UN conference adopts migration pact, despite withdrawals
- US, Australia and several other countries have pulled out of the pact, which has split governments and sparked resignations
A United Nations conference adopted a migration pact in front of leaders and representatives from around 150 countries in Morocco on Monday, despite a string of withdrawals.
The Global Compact for Safe, Orderly and Regular Migration – finalised at the UN in July after 18 months of talks – was formally approved in Marrakesh at the start of a two-day conference.
Billed as the first international document on managing migration, it lays out 23 objectives to open up legal migration and discourage illegal border crossings, as the number of people on the move globally has surged to more than 250 million.

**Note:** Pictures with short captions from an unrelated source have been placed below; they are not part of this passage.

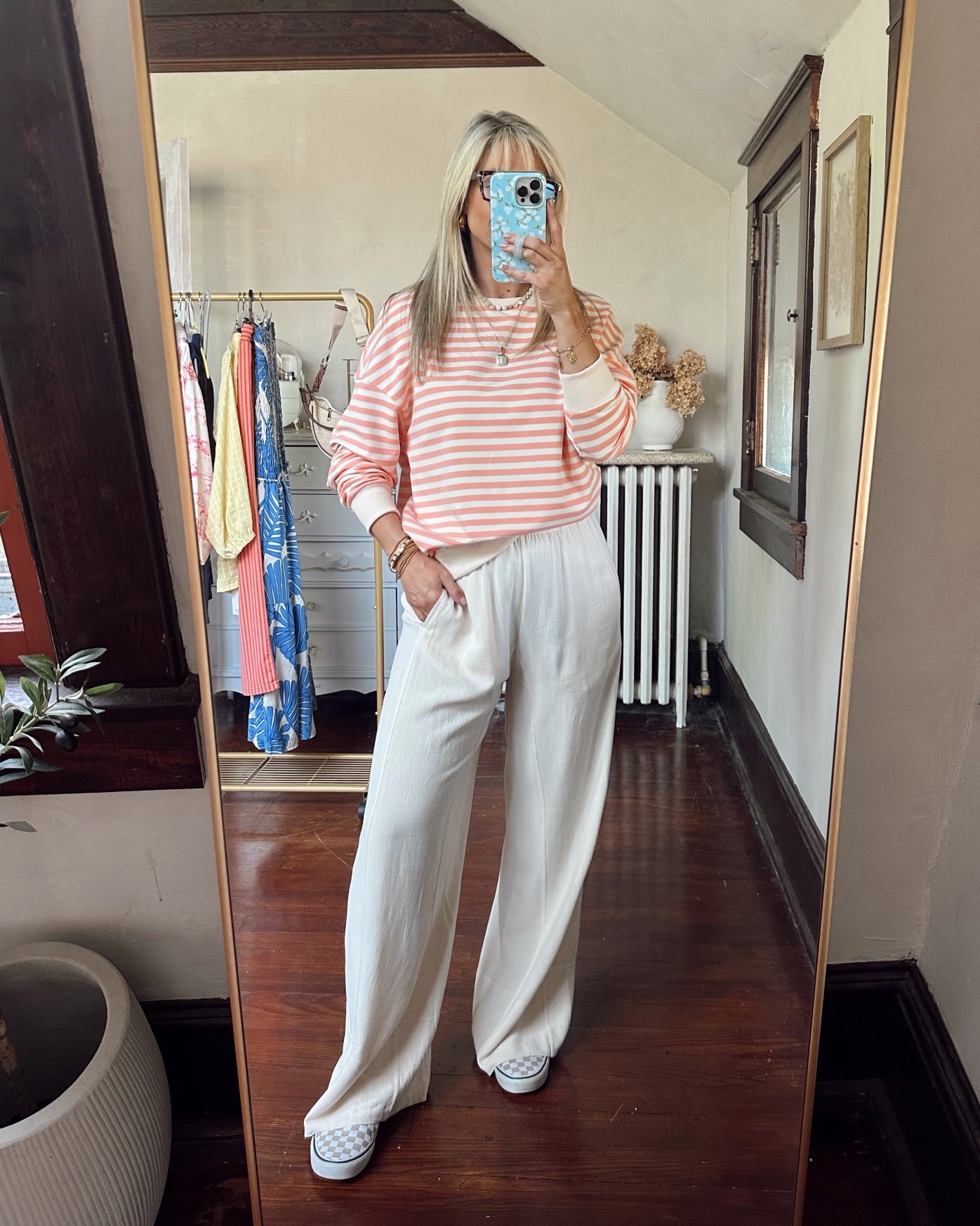 Amazon spring outfit
Linen pants, size M
Striped sweatshirt, size M

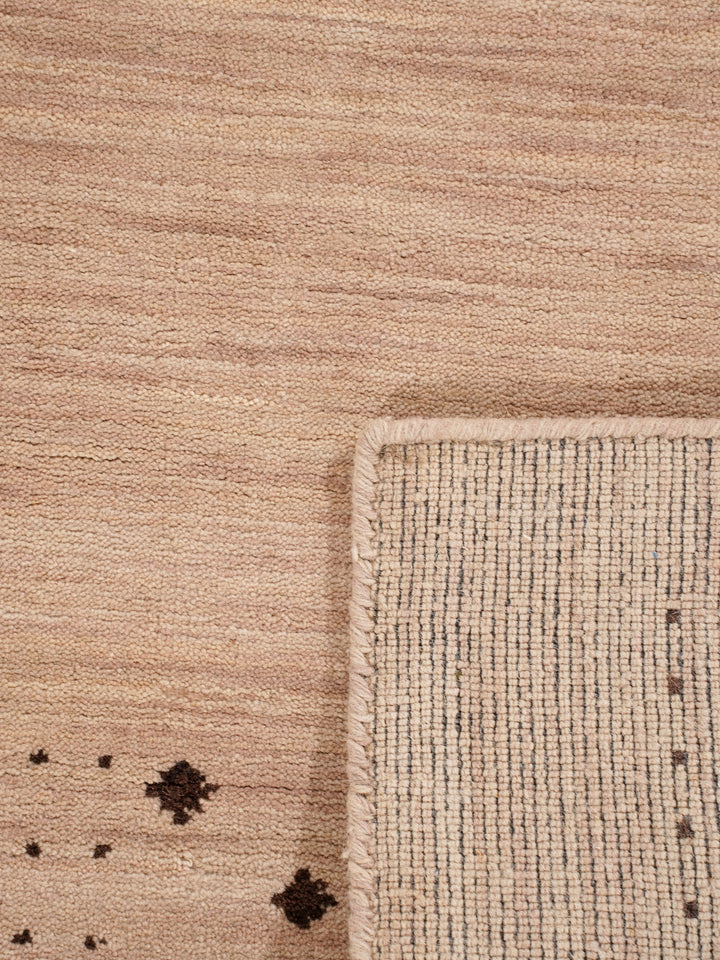 Contemporary Hand Knotted Wool Rug with Minimalist Border Design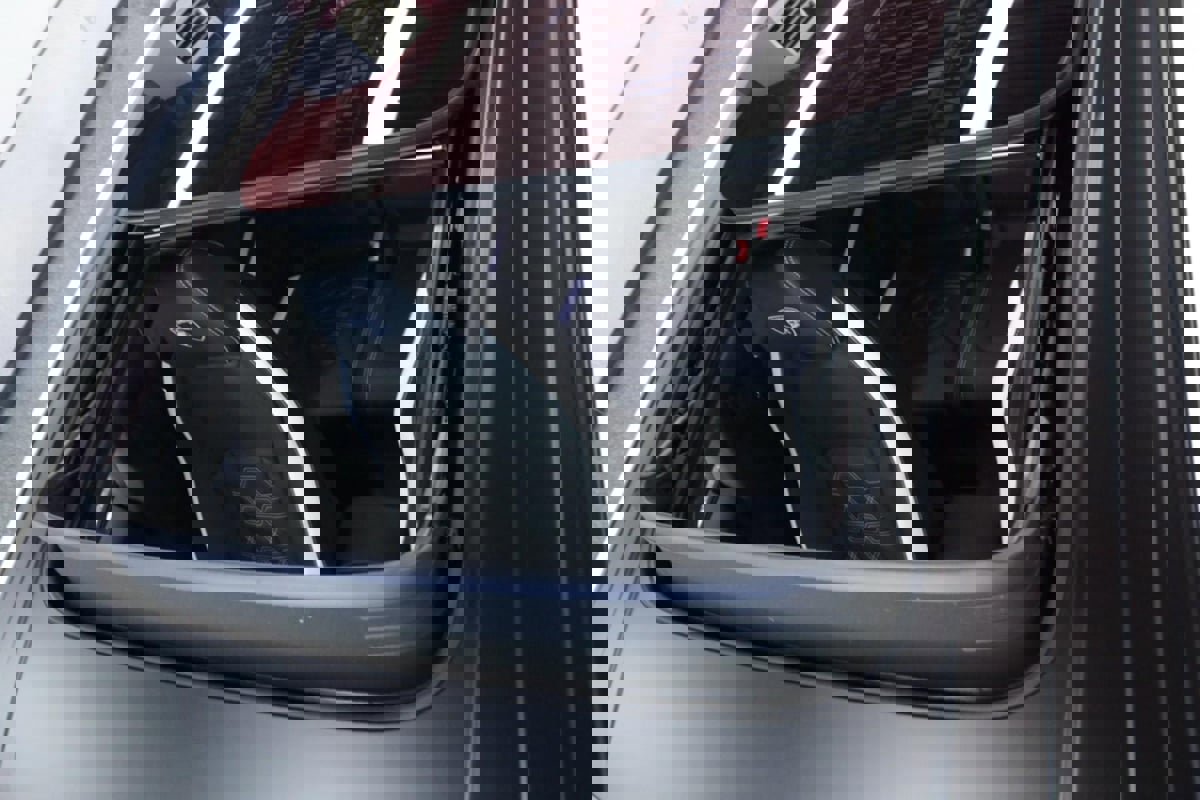 Used 2025 Lamborghini Urus SE image 20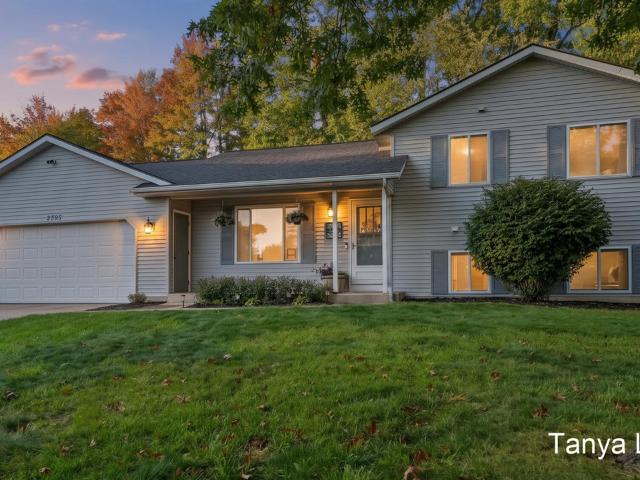 2595 Walker Woods Court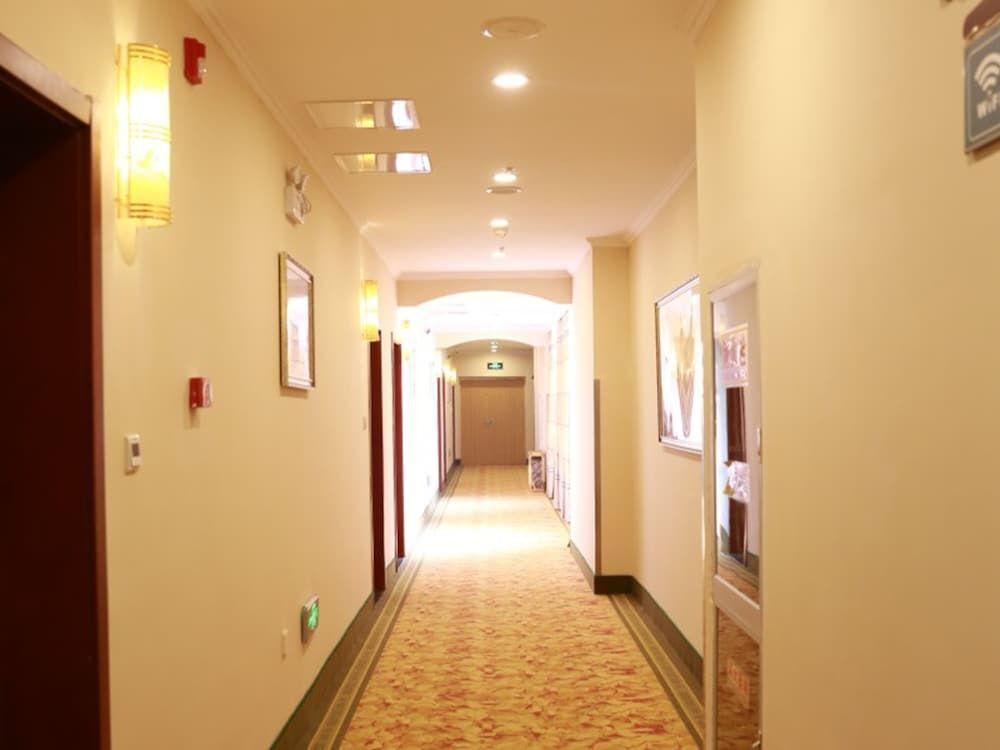 Суцянь: GreenTree Inn Suqian YiWu Business Center FuKang Avenue Express Hotel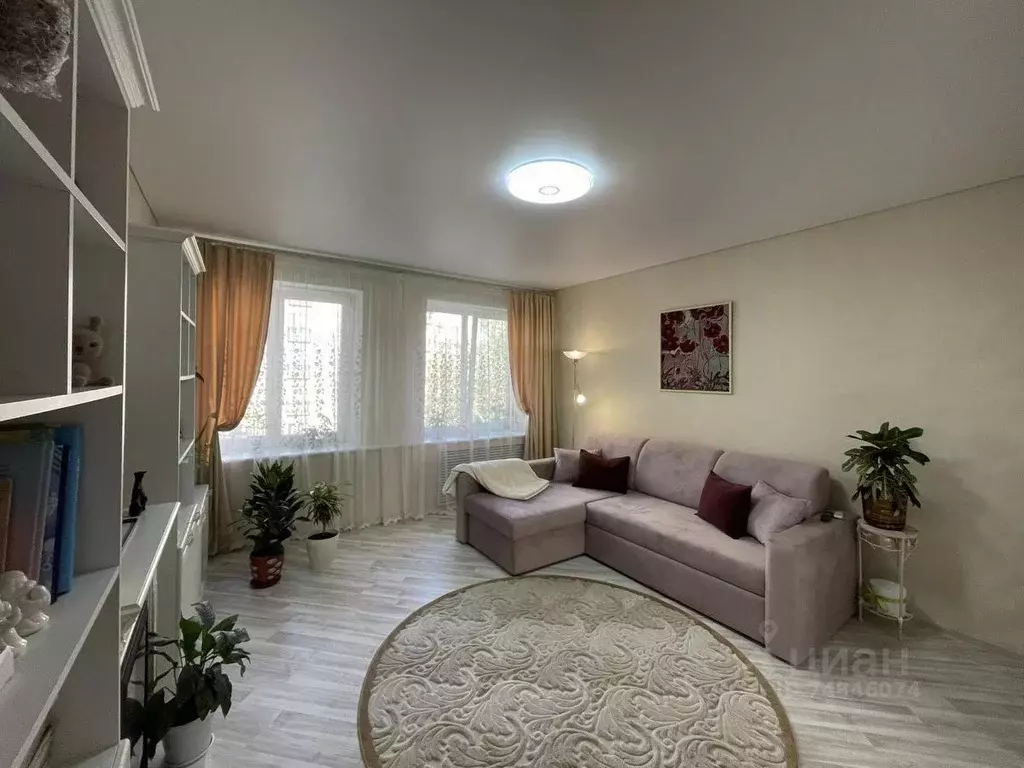 3-к кв. Удмуртия, Ижевск ул. Коммунаров, 249 (79.1 м) - Фото 1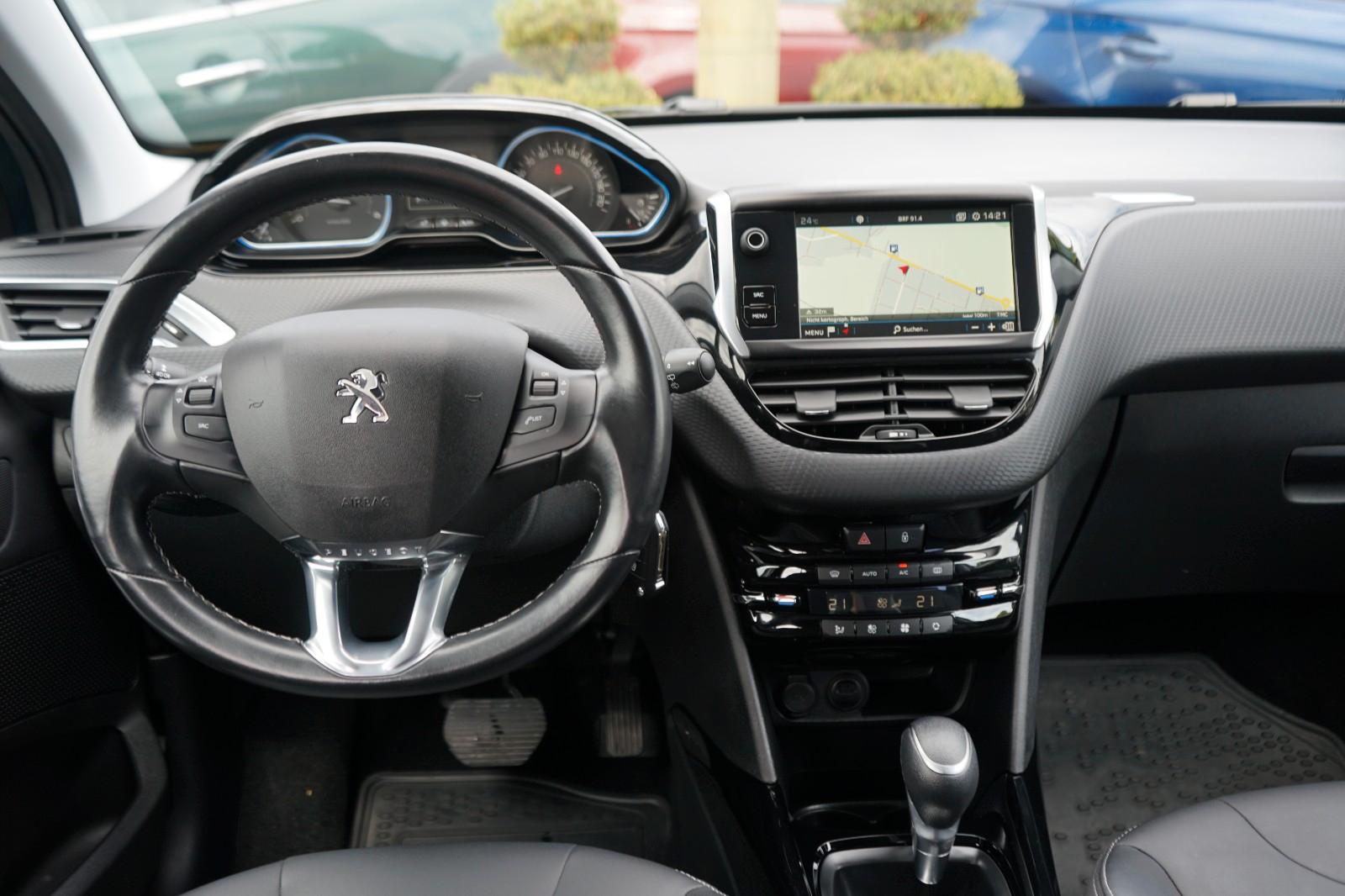 Peugeot 2008 Allure BlueHDi 120 EAT6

Describing it as a “road map to prevent suffering and chaos”, UN Secretary General Antonio Guterres sought to dispel what he called a number of myths around the pact, including claims it will allow the UN to impose immigration policies on member states.
The pact “is not legally binding”, he insisted.
“It is a framework for international cooperation … that specifically reaffirms the principle of state sovereignty,” Guterres said. “We must not succumb to fear and false narratives.”
He was addressing an audience that included German Chancellor Angela Merkel, Panama’s President Juan Carlos Varela and Greek Premier Alexis Tsipras.
The United States on Friday hit out at the pact, labelling it “an effort by the United Nations to advance global governance at the expense of the sovereign right of states”.
The US was the first government to disavow the negotiations late last year, and since then Australia, Austria, the Czech Republic, Dominican Republic, Hungary, Latvia, Poland and Slovakia have pulled out of the process.
From the United States to Europe and beyond, right-wing and populist leaders have tried to take measures to keep out migrants in recent years.
Belgium is among a group of seven nations described by the UN’s special representative for migration Louise Arbour as still “engaged in further internal deliberations” over the accord.
Bulgaria, Estonia, Italy, Israel, Slovenia and Switzerland also fall into this category.
While welcoming the UN’s attempts to manage migration, activists argue the pact does not go far enough to secure migrants’ rights.
“It is very aspirational in many areas, with limited implementation commitments,” said Amnesty International’s senior advocate for the Americas, Perseo Quiroz, in comments emailed to AFP.
The agreement’s non-binding status and the inclusion of several specific clauses on sovereignty “makes its implementation solely based on the goodwill of states supporting it”, he said.
After the Marrakesh conference, the UN General Assembly is set to adopt a resolution formally endorsing the deal on December 19.